Gradually, the colors and the sounds and the scents died. His brain was
beginning to realize that that which beat upon it was something hitherto
unexperienced. The effect of the hormone became stronger, and suddenly--in one
burst--Fields realized what it was he sensed.
He didn't see it--nor hear it--nor smell it--nor taste it--nor feel it. He knew
what it was but he couldn't think of the word for it. Slowly, he realized that
there wasn't any word for it. Even more slowly, he realized that there wasn't
even any concept for it.
Yet he knew what it was.
There beat upon his brain something that consisted of pure waves of
enjoyment--something that lifted him out of himself and pitched him headlong
into a univeise unknown to him earlier. He was falling through an endless
eternity of--something.
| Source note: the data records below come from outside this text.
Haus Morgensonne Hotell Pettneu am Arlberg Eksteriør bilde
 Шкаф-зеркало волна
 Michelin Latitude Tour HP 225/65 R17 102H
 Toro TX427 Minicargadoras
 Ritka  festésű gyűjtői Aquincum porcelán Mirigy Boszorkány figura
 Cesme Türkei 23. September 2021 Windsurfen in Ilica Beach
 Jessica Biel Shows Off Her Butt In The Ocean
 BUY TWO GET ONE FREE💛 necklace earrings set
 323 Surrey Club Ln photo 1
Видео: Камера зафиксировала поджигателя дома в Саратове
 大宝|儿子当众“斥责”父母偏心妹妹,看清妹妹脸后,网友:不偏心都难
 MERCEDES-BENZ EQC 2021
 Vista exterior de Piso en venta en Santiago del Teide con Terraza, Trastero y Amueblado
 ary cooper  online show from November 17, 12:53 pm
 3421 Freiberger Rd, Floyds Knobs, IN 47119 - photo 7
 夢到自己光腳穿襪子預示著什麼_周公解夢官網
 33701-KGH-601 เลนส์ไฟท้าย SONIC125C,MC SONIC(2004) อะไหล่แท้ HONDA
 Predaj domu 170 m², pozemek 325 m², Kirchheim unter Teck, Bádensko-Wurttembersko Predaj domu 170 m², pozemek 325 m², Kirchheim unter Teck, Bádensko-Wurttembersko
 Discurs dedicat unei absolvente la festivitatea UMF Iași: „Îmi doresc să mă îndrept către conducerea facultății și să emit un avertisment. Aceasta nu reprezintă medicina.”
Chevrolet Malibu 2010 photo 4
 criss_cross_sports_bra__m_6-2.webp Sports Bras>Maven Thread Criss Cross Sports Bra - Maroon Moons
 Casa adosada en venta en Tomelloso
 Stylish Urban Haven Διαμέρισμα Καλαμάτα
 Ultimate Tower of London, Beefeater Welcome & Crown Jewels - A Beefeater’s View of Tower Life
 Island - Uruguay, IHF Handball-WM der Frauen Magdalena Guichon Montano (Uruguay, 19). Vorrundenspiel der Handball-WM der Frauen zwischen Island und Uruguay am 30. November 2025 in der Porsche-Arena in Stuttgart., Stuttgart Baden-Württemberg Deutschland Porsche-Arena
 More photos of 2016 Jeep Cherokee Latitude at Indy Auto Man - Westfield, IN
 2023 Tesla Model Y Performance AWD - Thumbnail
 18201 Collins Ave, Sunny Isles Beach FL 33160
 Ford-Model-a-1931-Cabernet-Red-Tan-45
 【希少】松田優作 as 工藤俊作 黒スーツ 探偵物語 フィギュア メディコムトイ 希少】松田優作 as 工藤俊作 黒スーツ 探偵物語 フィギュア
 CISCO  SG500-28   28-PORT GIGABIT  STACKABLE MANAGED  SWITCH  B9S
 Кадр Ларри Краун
It wasn't sound or sight but it was--something.
Something that enfolded him and hid his surroundings from him--that's what it
was. It was endless and infinite in its variety and with each crashing wave, he
glimpsed a farther horizon, and the wonderful cloak of sensation became thicker
--and softer--and more beautiful.
Then came the discord. Like a little crack at first--marring a perfect beauty.
Then spreading and branching and growing wider, until, finally, it split apart
thunderously--though without a sound.
Lincoln Fields, dazed and bewildered, found himself back in the concert room
again.
He lurched to his feet and grasped Garth Jan by the arm violently, "Garth! Why
did he stop? Tell him to continue! Tell him!"
Garth Jan's startled expression faded into pity, "He is still playing, Lincoln."
The Earthman's befuddled stare showed no signs of understanding. He gazed about
him with unseeing eyes. Novi Lon's fingers sped across the keyboard as nimbly as
ever; the expression on his face was as rapt as ever. Slowly, the truth seeped
in, and the Earthman's empty eyes filled with horror.
He sat down, uttering one hoarse cry, and buried his head in his hands.
The five minutes had passed! There could be no return!
Garth Jan was smiling--a smile of dreadful malice, "I had pitied you just a
moment ago, Lincoln, but now I'm glad--glad! You forced this out of me--you made
me do this. I hope you're satisfied, because I certainly am. For the rest of
your life," his voice sank to a sibilant whisper, "you'll remember these five
minutes and know what it is you're missing--what it is you can never have again.
You are blind, Lincoln,--blind!"
The Earthman raised a haggard face and grinned, but it was no more than a
horrible baring of the teeth. It took every ounce of will-power he possessed to
maintain an air of composure.
He did not trust himself to speak. With wavering step, he marched out of the
room, head held high to the end.
And within, that tiny, bitter voice, repeating over and over again, "You entered
a normal man! You leave blind--blind--BLIND."